The Fortress of Qasr Bshir

The Fortress of Qasr Bshir. Photo: Bashar Tabbah/Wikimedia

Thus, troops could easily move from one point to another to guard the Limes Arabicus, the line under whose protection everything fell. Its defenses were based on a succession of castra, large forts built with their moats, towers, and walls using dry stone (stones joined without mortar) and adobe (unfired mud bricks) due to the scarcity of wood.

One was erected every hundred kilometers or so, especially during the Severan dynasty, complemented by auxiliary installations such as castella (smaller forts), signal towers (using smoke during the day and fires at night), and post stations.

In the castrum of Adrou (now Uddruh, near Petra), the Legio VI Ferrata was stationed, which had fought in the Gallic Wars, the Roman Civil War, against the Parthians, and in Judea, where it was stationed (specifically in Lajjun) when Diocletian repositioned it. Another notable castrum was Betthorus (in al-Karak, Jordan), very similar in appearance and size (almost five hectares), whose dating is somewhat uncertain, estimated between the 2nd and 4th centuries AD.

Roman fortress of Qasr Azraq

Roman fortress of Qasr Azraq. Photo: xorge/Wikimedia

Architectural remains have also been found in Aqaba, the ancient Aila: a wall and a tower, which are not clear if they belong to the fort or the city, but whose presence is logical as it was a vital port for trade in the region and a crossroads. Whatever the answer, these were structures erected between the end of the 4th and the beginning of the 5th century, being the headquarters of the Legio X Fretensis, which fought in Actium and the Jewish wars before being transferred there from Jerusalem by Diocletian.

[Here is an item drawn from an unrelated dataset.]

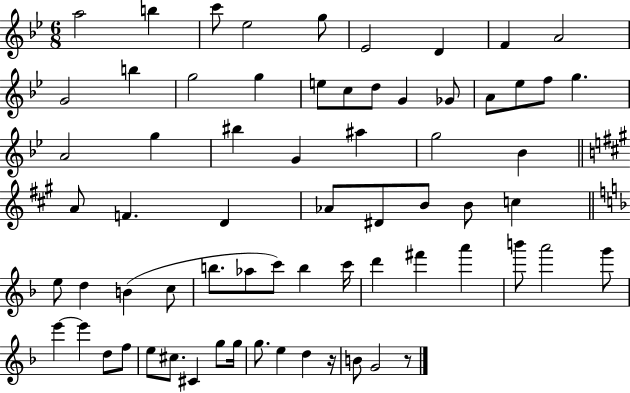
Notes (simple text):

A5/h B5/q C6/e Eb5/h G5/e Eb4/h D4/q F4/q A4/h G4/h B5/q G5/h G5/q E5/e C5/e D5/e G4/q Gb4/e A4/e Eb5/e F5/e G5/q. A4/h G5/q BIS5/q G4/q A#5/q G5/h Bb4/q A4/e F4/q. D4/q Ab4/e D#4/e B4/e B4/e C5/q E5/e D5/q B4/q C5/e B5/e. Ab5/e C6/e B5/q C6/s D6/q F#6/q A6/q B6/e A6/h G6/e E6/q E6/q D5/e F5/e E5/e C#5/e. C#4/q G5/e G5/s G5/e. E5/q D5/q R/s B4/e G4/h R/e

There were more important forts, such as those in Bostra, Qasr Azraq, and Humeina, all in Jordan, with the capacity to house five hundred soldiers each. Things changed a bit with the deep administrative reform of the emperor we have mentioned a couple of times, Diocletian. It was he who pushed for defensive reinforcement works against the Sasanian threat and built a new road, the Strata Diocletiana, which started south of the Euphrates, near Sura, and followed the limes until it met the Via Traiana Nova, passing through Palmyra and Damascus, to the northeast of Arabia.

From the Mesopotamian river to the Syrian capital, a series of castella and watchtowers were built; three have been found, although there may have been more (and a legionary camp was added in Wadi al-Hasa).

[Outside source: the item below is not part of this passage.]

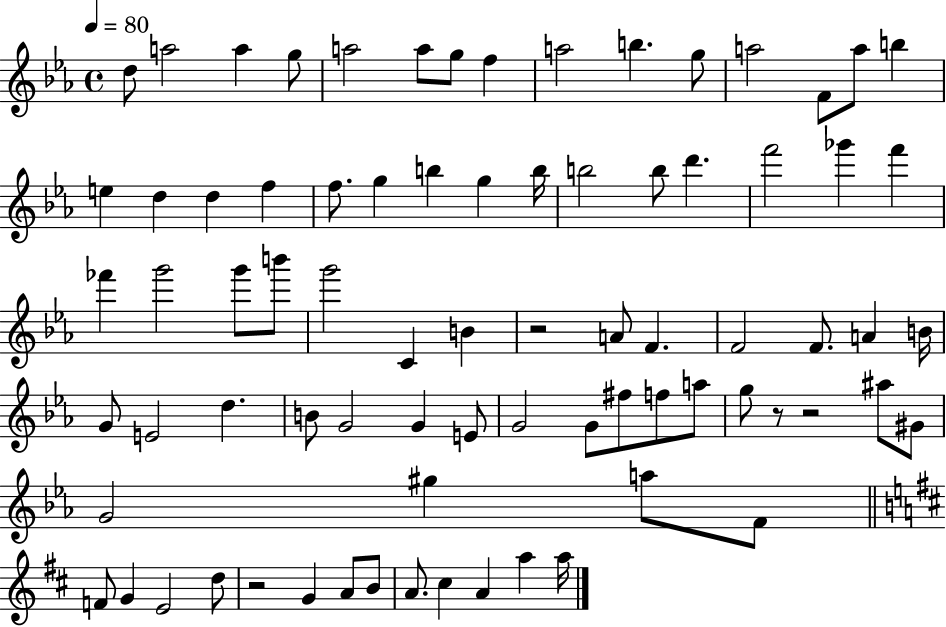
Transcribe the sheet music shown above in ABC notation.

The Fortress of Qasr Bshir

The Fortress of Qasr Bshir. Photo: Mike Bishop/Wikimedia

These bastions, with a rectangular plan, thick walls, and outstanding towers, were located about a day's march apart, adding another ten from Wadi al-Hasa to Aila and constituting a border subdivision that sometimes appears named as Limes Palaestinae, as we said at the beginning. The emperor transferred part of Arabia Petraea to Palestine, including it in the Diocese of the East (which extended to Cilicia, Cyprus, Mesopotamia, and Phoenicia).

A major earthquake in 363 caused significant damage and destroyed the water distribution systems, which along with the decline of caravan routes in favor of maritime trade, resulted in a certain decline. There was no economic or demographic recovery until the territory came under the control of the Eastern Roman Empire, which divided it into three provinces, Palaestina Prima, Palaestina Secunda, and Palaestina Tertia (also known as Palaestina Salutaris), under the military rule of a dux Palaestinae and the civil rule of a praeses (official).

During the first half of the 6th century, Justinian I reinforced the limes. But eventually, the troops were gradually withdrawn and replaced by foederati, mainly Ghassanids (Christian Arabs from Yemen and vassals of Constantinople), who provided protection against the Persians and protected trade against Bedouin raids.

After the Battle of Yarmouk in 636, in which they were defeated -along with Roman allies and Frankish, Georgian, Slavic, and Armenian mercenaries- by the Muslims of the Orthodox Caliphate, the Limes Arabicus was left unguarded and eventually abandoned, although some structures were later repurposed.